Expansores – Espumas de poliuretano buscam substitutos para os HCFCs

Revista Química e Derivados, Expansores, Espumas de poliuretano buscam substitutos para os HCFCsOs investimentos em busca de novos insumos químicos ambientalmente mais seguros, com baixo ou nulo potencial de degradação da camada de ozônio ODP (Ozone Depleting Potential) e de aquecimento global (GWP Greenhouse Warming Potential), começaram a ser implementados e abrem perspectivas positivas para substituições imediatas em muitas aplicações, denotando o comprometimento global do setor químico com a questão ambiental.

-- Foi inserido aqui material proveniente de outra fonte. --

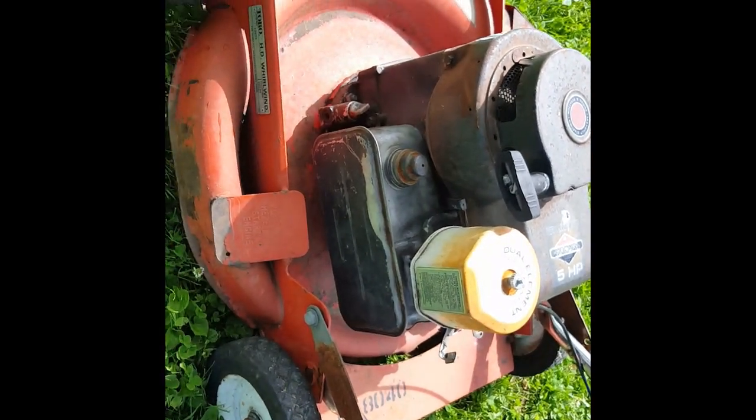You can see 'Briggs and Stratton' — I think this is the original top, but the rest of it was missing. We have a big cartridge-style air filter; the bottom, the bolt, and everything that attaches it was missing.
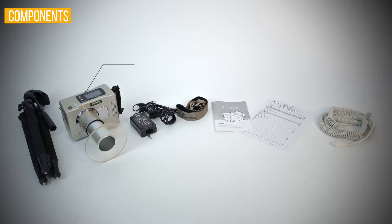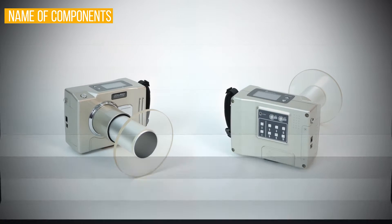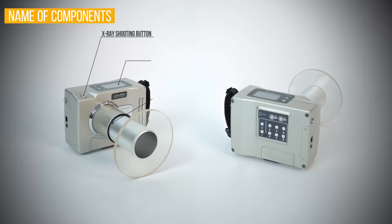Basic components: body, long cone all-in-one, charger, neck, hand switch, documents, back scatter shield, and tripod. These are the names of each component.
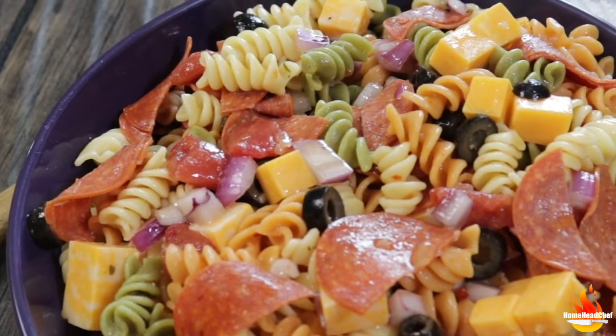Hi everyone, and welcome back to Home Head Chef. Summertime is upon us, and you know what that means — barbecues, get-togethers, pasta salads. Today I'm sharing my recipe on how I like to make pasta salad.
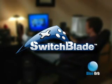Welcome to Switchblade, the new and exciting way to play World of Warcraft. This video will guide you through all you need to know to get Switchblade set up.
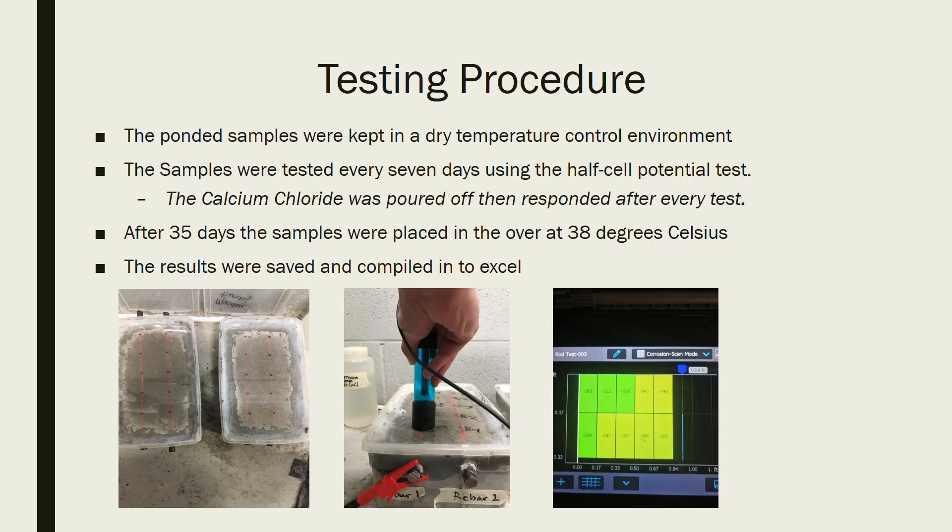The testing procedure goes as follows: the ponded samples were kept in a dry temperature-controlled environment and tested every seven days using the half cell potential test. The calcium chloride was poured off before every test, and after testing we re-ponded the samples. Voltages were obtained by placing the probe on each measurement point over the rebar.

Depois dos condenados clorofluorcarbonos (CFC), que levaram uma década (1994-2004) para sumir das linhas industriais em várias partes do mundo, chegou a vez de seus sucessores imediatos, os hidroclorofluorcarbonos, os HCFCs, como o HCFC- R141b, tomarem o mesmo rumo, seguindo o exemplo de condutas adotadas em muitos países da Europa e nos Estados Unidos nos quais já foram completamente abolidos ou se encontram em vias de erradicação.

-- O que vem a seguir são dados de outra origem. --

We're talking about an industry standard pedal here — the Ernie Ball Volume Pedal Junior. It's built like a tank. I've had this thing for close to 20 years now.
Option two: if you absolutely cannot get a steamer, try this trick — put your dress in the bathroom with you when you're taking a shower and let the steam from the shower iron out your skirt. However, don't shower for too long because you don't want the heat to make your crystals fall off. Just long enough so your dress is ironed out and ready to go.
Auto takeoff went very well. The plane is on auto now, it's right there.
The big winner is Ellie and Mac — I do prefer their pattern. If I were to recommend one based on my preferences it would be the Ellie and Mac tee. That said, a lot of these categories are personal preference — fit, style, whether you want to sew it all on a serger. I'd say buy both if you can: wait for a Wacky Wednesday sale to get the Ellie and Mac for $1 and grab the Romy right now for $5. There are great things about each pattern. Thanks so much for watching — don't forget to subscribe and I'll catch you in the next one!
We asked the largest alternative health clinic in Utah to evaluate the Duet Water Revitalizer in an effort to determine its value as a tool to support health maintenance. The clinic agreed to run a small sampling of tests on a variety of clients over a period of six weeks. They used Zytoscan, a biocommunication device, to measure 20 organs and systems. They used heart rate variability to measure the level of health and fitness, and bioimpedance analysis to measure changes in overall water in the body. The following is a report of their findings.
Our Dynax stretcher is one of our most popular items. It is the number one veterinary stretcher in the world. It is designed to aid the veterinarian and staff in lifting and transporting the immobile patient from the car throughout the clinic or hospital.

Principal agente de expansão de espumas de poliuretano no mercado brasileiro, o HCFC-R141b começou a sofrer, já em 2010, restrições de importação, devendo obedecer a limitações de uso nos próximos anos, de acordo com o Programa Brasileiro de Eliminação dos HCFCs, implementado no âmbito do Ministério do Meio Ambiente no Programa das Nações Unidas para o Desenvolvimento (PNUD), em respeito a tratados internacionais, como o Protocolo de Montreal (1987) e o Protocolo de Kyoto (1997), dos quais o Brasil é signatário.

Apesar de não contar com produção local, o HCFC-R141b teve seu uso bastante difundido durante as duas últimas décadas em diversas aplicações. As espumas rígidas com propriedade de isolamento térmico expandidas com esse agente foram usadas em refrigeradores e freezers de uso doméstico, comercial e industrial, câmaras frigoríficas, contêineres, tanques, tubulações, carretas frigorificadas, blocos e painéis utilizados no setor da construção civil, entre outros. O HCFC-R141b também é o responsável pela expansão de espumas moldadas de poliuretanos para uso em móveis, componentes automotivos e calçados, e também participa da expansão de poliuretanos flexíveis de alta resiliência, utilizados em travesseiros e pillow tops para colchões.

Estima-se que mais de 600 empresas façam uso no Brasil do HCFC-R141b, principalmente nas espumas de poliuretano. Desse universo participam algumas poucas e grandes corporações globais e cerca de duas dezenas de empresas nacionais, fornecendo as espumas já expandidas a diferentes segmentos compradores. Outros grandes usuários locais do HCFC-R141b são os grupos fabricantes de sistemas de refrigeração. Nos últimos meses, porém, segundo relatam fornecedores, as empresas desse setor começaram a abolir o uso do HCFC-R141b, convertendo maior número de instalações industriais para receber substitutos, como os pentanos, especialmente os ciclopentanos, hidrocarbonetos associados ao inconveniente de serem inflamáveis, impondo alterações de alto custo nas instalações fabris.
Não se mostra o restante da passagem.